囚われて、落ちていく
刹那にメールし終えた都麦。
「よし!送信っと!
片付けて、買い物行かなきゃ!」

そして刹那は━━━━━━
エレベーターに乗り込み、ドアが閉まるとスッと雰囲気が変わった。
威圧感があり、瞳の色も真っ黒になったかのように全てが真っ黒だ。

これが本来の刹那。

スマホにメールが入る。
「キッチンを片付けて、買い物か。
………てことは、いつものスーパーだな…」
と呟き、エントランスを出た。

「兄さん、ごめんね」
瞬作は刹那の従兄弟なので、刹那のことを“兄さん”と呼んでいる。
「で?大臣は何て?」
瞬作がドアを開け、車に乗り込みながら言った刹那。

「また、護衛をお願いしたいんだって」
瞬作も運転席に乗り込み言った。
「………てか…大臣は俺等のこと、SPと勘違いしてるな」
「フッ…そうだね。

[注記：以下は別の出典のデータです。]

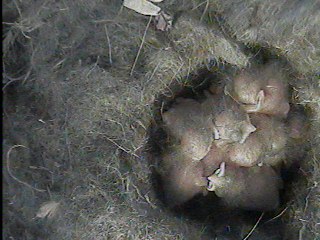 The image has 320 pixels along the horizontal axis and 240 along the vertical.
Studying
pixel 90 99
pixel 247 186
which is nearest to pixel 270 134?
pixel 247 186

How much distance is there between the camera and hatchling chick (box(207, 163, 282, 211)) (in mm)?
1421

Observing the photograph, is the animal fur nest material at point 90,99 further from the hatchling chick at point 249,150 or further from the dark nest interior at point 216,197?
the hatchling chick at point 249,150

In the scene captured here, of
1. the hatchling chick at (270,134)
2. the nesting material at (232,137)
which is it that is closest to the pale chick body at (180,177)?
the nesting material at (232,137)

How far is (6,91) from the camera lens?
1367mm

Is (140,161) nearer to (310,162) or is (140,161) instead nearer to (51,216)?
(51,216)

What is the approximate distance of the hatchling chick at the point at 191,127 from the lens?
4.51ft

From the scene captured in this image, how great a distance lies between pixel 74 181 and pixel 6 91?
0.81 ft

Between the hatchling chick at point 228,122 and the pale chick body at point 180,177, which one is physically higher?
the hatchling chick at point 228,122

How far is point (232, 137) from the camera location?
1.38 meters

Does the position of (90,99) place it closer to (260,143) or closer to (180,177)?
(180,177)

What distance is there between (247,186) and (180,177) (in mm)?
159

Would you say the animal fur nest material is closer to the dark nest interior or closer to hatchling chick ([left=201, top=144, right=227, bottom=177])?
the dark nest interior

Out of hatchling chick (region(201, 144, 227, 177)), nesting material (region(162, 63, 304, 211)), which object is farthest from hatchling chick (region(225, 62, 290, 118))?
hatchling chick (region(201, 144, 227, 177))

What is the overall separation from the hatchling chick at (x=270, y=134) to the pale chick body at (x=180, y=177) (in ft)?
0.50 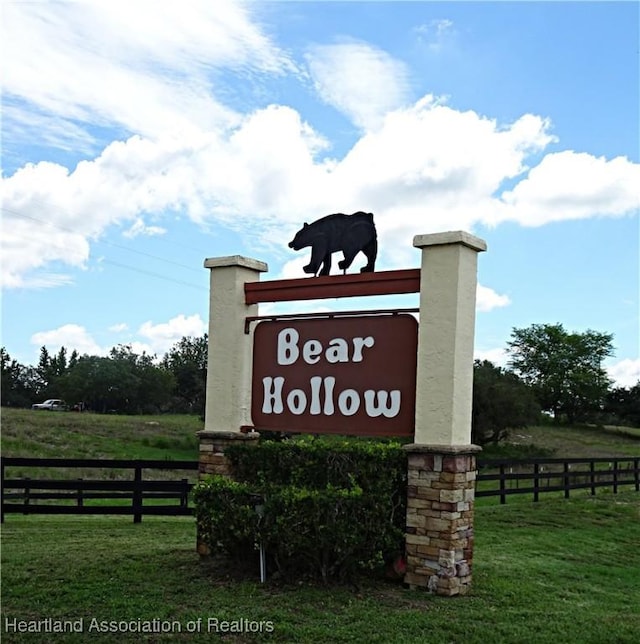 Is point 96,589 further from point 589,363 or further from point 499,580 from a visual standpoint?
point 589,363

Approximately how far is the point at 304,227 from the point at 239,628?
162 inches

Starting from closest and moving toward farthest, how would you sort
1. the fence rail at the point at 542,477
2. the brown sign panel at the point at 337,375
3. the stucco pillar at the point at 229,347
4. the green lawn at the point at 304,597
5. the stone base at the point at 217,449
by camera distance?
the green lawn at the point at 304,597, the brown sign panel at the point at 337,375, the stone base at the point at 217,449, the stucco pillar at the point at 229,347, the fence rail at the point at 542,477

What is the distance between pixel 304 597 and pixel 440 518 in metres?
1.31

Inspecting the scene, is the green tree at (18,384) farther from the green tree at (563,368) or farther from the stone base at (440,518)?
the stone base at (440,518)

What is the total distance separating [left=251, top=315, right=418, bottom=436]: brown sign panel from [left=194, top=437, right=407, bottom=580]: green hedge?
0.30 meters

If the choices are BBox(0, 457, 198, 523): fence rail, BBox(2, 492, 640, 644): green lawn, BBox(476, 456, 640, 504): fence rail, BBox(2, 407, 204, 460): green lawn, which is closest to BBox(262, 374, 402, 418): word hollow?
BBox(2, 492, 640, 644): green lawn

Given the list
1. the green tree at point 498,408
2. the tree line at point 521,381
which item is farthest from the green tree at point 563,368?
the green tree at point 498,408

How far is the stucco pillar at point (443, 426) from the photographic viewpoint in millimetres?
6191

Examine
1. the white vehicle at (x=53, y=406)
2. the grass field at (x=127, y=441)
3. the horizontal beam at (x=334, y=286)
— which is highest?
the horizontal beam at (x=334, y=286)

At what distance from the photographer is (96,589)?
6137 mm

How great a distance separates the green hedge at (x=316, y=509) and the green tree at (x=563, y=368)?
46434 millimetres

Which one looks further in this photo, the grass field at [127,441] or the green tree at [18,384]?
the green tree at [18,384]

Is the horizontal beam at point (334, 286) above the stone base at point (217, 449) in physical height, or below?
above

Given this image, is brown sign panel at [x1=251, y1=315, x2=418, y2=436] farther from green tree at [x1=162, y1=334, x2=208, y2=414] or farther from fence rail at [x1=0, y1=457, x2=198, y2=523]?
green tree at [x1=162, y1=334, x2=208, y2=414] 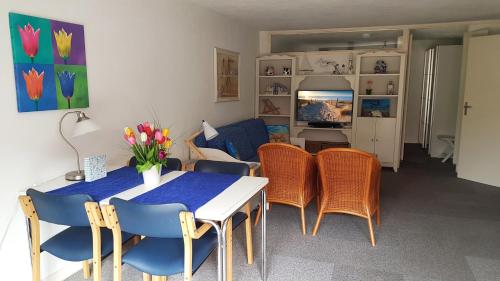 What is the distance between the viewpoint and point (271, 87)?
644 centimetres

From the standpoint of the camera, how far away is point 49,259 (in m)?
2.55

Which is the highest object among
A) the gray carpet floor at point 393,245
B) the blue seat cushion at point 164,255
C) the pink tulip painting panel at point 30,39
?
the pink tulip painting panel at point 30,39

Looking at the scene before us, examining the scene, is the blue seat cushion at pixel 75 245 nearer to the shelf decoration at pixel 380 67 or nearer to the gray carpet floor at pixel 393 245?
the gray carpet floor at pixel 393 245

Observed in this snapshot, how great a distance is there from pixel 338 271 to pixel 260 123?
11.2 ft

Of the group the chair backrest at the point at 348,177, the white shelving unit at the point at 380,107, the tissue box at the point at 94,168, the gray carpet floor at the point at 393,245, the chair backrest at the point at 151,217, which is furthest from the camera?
the white shelving unit at the point at 380,107

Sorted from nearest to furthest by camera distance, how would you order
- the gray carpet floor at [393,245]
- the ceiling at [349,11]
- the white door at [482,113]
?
the gray carpet floor at [393,245] < the ceiling at [349,11] < the white door at [482,113]

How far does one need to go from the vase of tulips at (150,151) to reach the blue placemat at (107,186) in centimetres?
13

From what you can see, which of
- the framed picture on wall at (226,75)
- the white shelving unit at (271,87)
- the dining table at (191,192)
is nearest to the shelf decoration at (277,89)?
the white shelving unit at (271,87)

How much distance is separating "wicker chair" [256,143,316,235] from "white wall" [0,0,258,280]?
1080mm

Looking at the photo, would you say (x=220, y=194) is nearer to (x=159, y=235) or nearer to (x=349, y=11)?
(x=159, y=235)

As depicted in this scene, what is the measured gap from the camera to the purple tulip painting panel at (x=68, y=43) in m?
2.43

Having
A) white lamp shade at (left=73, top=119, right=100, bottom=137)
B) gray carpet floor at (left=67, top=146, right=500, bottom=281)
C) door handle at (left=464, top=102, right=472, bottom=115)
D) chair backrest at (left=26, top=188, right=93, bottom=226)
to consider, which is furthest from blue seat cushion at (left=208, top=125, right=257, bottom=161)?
door handle at (left=464, top=102, right=472, bottom=115)

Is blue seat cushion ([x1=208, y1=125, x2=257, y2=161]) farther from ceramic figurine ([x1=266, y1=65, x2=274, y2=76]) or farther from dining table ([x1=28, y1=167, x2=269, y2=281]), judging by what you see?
ceramic figurine ([x1=266, y1=65, x2=274, y2=76])

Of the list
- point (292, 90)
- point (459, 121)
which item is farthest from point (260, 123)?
point (459, 121) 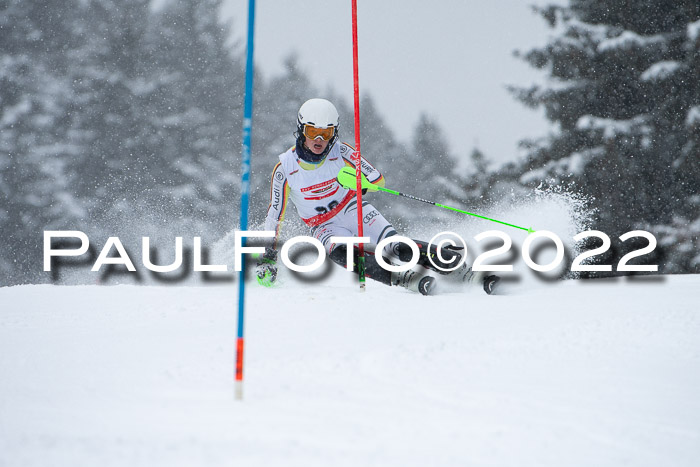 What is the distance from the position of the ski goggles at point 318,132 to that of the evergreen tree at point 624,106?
8012 millimetres

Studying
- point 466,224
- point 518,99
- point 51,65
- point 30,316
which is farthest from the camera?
point 51,65

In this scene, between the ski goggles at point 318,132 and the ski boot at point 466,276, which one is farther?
the ski goggles at point 318,132

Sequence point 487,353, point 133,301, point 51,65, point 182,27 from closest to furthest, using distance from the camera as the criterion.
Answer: point 487,353
point 133,301
point 51,65
point 182,27

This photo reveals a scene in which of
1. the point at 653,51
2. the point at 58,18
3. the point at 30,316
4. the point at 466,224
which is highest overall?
the point at 58,18

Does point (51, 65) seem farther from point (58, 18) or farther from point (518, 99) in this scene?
point (518, 99)

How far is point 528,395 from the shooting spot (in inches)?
102

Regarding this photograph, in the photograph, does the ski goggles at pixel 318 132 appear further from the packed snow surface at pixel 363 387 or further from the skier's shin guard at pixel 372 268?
the packed snow surface at pixel 363 387

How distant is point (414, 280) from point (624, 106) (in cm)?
1015

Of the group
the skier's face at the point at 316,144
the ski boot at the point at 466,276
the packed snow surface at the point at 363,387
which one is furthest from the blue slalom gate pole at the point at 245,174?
the ski boot at the point at 466,276

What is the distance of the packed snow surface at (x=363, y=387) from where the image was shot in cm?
210

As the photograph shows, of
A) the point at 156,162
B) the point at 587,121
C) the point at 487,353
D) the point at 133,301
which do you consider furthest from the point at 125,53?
the point at 487,353

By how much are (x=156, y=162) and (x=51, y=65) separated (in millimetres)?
4547

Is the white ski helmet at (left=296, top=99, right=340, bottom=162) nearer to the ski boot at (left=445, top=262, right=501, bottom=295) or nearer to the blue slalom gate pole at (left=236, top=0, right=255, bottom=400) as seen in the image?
the ski boot at (left=445, top=262, right=501, bottom=295)

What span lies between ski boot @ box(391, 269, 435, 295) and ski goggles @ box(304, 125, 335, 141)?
59.0 inches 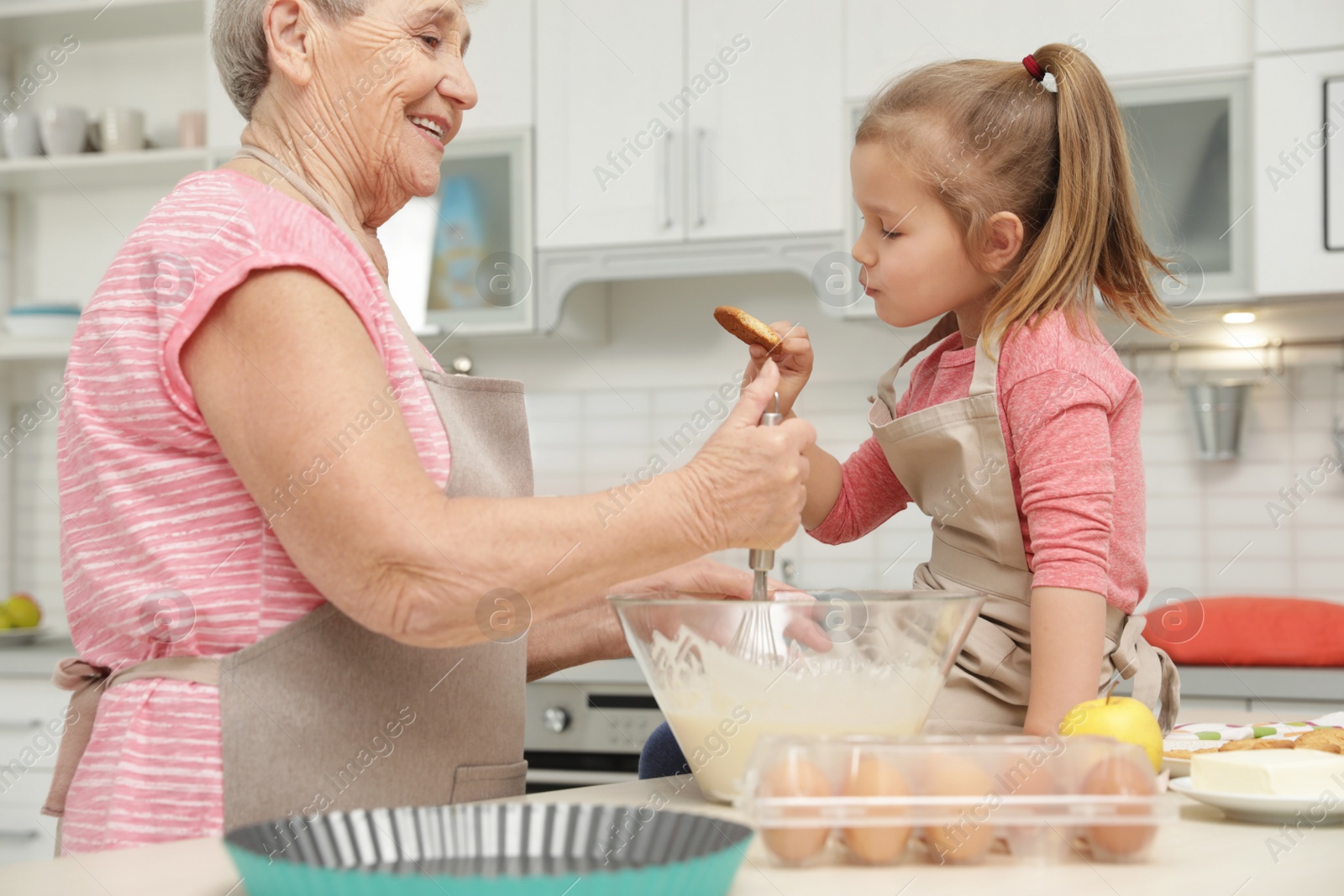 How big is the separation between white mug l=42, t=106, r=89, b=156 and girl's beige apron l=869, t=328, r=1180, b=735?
2.54 m

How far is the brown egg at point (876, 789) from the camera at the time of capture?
63 cm

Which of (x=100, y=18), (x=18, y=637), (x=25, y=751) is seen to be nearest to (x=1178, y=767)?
(x=25, y=751)

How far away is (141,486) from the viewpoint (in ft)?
2.96

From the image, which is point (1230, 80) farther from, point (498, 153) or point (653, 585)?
point (653, 585)

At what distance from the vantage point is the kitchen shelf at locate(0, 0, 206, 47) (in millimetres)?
2934

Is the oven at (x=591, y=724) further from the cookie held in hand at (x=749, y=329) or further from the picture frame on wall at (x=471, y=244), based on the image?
the cookie held in hand at (x=749, y=329)

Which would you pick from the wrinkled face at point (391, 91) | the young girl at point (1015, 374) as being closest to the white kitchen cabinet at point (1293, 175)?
the young girl at point (1015, 374)

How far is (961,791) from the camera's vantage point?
64 cm

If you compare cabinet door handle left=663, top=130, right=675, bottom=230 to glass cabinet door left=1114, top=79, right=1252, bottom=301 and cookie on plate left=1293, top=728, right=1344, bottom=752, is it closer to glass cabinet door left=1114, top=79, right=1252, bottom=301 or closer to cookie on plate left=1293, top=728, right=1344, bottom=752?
glass cabinet door left=1114, top=79, right=1252, bottom=301

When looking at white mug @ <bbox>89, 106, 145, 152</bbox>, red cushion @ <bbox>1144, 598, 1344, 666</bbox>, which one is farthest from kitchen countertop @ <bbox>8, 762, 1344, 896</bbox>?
white mug @ <bbox>89, 106, 145, 152</bbox>

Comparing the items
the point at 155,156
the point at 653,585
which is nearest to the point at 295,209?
the point at 653,585

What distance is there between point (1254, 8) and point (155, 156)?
7.63ft

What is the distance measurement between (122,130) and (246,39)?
82.3 inches

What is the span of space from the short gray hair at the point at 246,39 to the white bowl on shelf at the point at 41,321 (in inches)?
79.0
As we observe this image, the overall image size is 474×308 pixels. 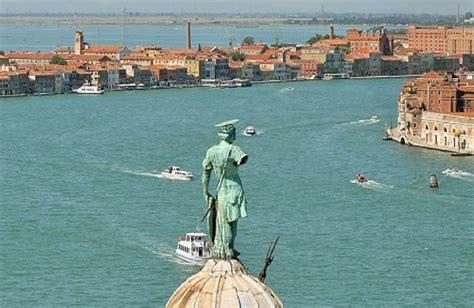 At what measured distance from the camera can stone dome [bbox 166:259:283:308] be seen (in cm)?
120

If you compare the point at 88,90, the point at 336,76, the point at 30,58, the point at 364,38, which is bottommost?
the point at 336,76

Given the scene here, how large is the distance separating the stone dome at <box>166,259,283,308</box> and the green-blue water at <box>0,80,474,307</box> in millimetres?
5065

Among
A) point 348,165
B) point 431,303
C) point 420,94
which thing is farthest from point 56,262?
point 420,94

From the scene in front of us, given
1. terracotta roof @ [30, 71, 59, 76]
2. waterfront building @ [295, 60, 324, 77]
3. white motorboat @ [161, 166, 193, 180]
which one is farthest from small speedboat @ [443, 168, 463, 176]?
waterfront building @ [295, 60, 324, 77]

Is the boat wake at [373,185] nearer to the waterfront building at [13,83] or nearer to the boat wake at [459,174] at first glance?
the boat wake at [459,174]

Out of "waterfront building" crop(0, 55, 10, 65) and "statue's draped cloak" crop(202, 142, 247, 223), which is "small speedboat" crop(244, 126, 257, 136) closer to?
"waterfront building" crop(0, 55, 10, 65)

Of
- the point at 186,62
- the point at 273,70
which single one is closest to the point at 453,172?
the point at 186,62

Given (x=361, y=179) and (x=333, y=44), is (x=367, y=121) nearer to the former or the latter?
(x=361, y=179)

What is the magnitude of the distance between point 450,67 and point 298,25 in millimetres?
46816

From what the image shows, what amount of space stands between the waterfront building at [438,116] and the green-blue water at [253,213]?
0.33 metres

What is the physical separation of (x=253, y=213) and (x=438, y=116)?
6514mm

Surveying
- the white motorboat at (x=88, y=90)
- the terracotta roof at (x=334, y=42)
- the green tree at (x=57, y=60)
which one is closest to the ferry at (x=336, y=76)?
the terracotta roof at (x=334, y=42)

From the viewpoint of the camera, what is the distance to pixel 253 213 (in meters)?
9.20

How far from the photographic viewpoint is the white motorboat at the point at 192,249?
24.8 feet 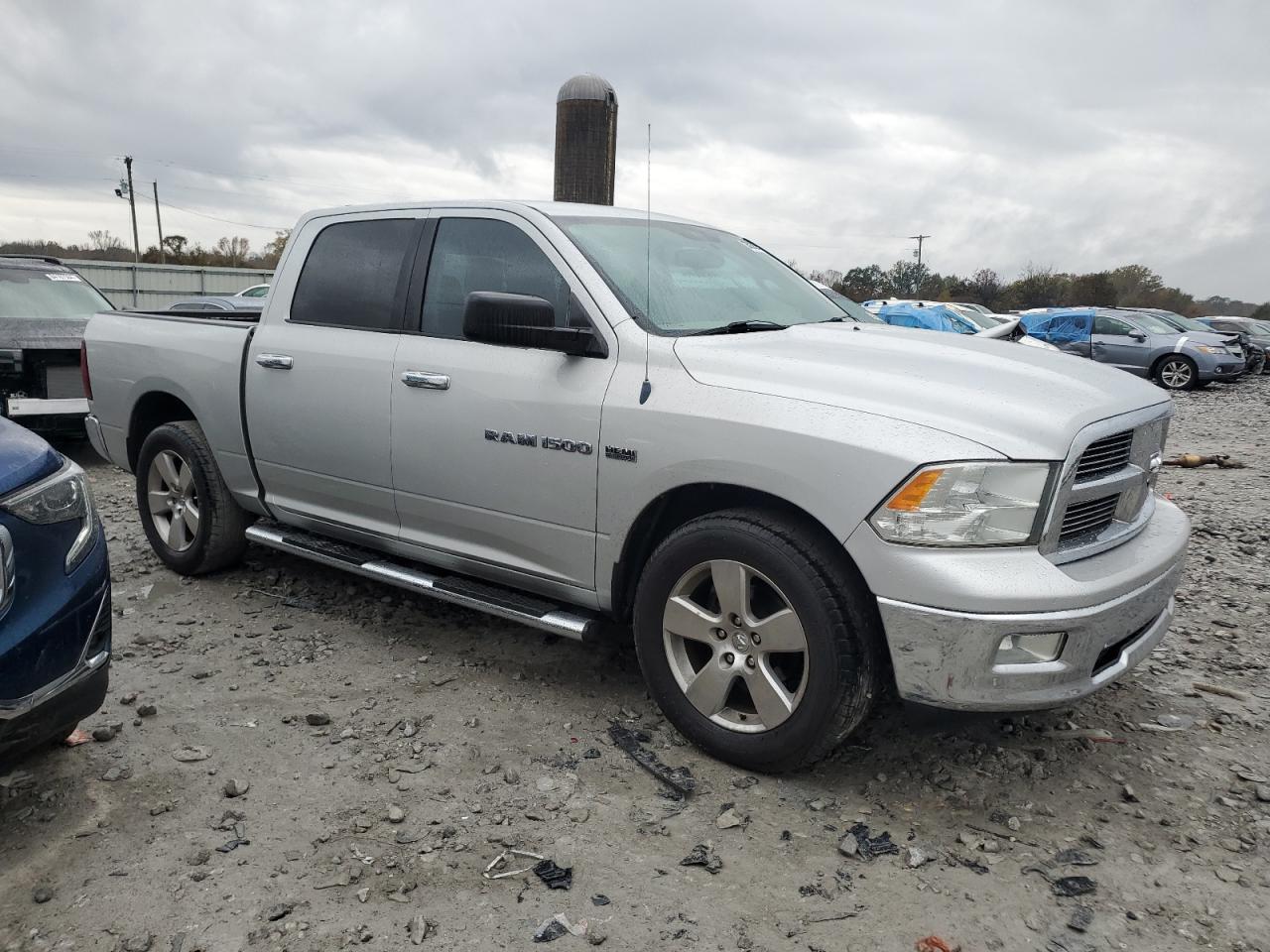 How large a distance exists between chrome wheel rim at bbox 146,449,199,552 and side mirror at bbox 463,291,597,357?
2357 millimetres

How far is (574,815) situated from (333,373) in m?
2.16

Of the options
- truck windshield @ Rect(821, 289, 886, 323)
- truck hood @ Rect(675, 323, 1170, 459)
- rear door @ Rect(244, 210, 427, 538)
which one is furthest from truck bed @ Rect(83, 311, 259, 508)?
truck windshield @ Rect(821, 289, 886, 323)

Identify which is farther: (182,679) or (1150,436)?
(182,679)

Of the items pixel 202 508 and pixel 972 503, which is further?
A: pixel 202 508

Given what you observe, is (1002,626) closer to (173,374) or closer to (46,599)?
(46,599)

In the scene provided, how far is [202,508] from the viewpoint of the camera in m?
→ 4.88

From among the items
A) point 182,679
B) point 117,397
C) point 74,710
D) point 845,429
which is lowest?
point 182,679

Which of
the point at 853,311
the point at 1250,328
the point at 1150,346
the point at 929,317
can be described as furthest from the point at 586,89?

全く逆なのにね」
「まぁいい。その代わり、色んな情報を得ることができるし」
そこで瞬作がエンジンをかけた。

すると━━━━━━
コンコンと後部座席のドアがノックされ、都麦がいた。
刹那は一瞬で、雰囲気を消し柔らかくなる。
そして窓を開けた。

「つむちゃん、どうしたの?」
「ごめんね!でもよかった!間に合って!
これ……」
微笑み手渡されたのは、栄養ドリンクだった。

「栄養ドリンク?」
「うん、昨日の夕食もほとんど食べずにその……寝ちゃったし、朝はおにぎりだけだから刹那さんが倒れないようにと思って!
もう一本は、瞬作さんに渡して?」
「うん!ありがとう!つむちゃん、このまま行くの?買い物」
窓から手を伸ばし、頭をポンポンと撫でた刹那。
「うん!」

「送るよ。乗って?」
「え!?だ、ダメだよ!刹那さん、お仕事あるんだから!」
「だって心配だから」
ドアを開けた刹那は、一度外に出て都麦の腰を抱き車内に促した。

「う、うん…
瞬作さん、ごめんなさい」
瞬作にも断りを入れながら乗り込んだ。
「大丈夫だよ」
瞬作も安心させるように、振り返り微笑んだ。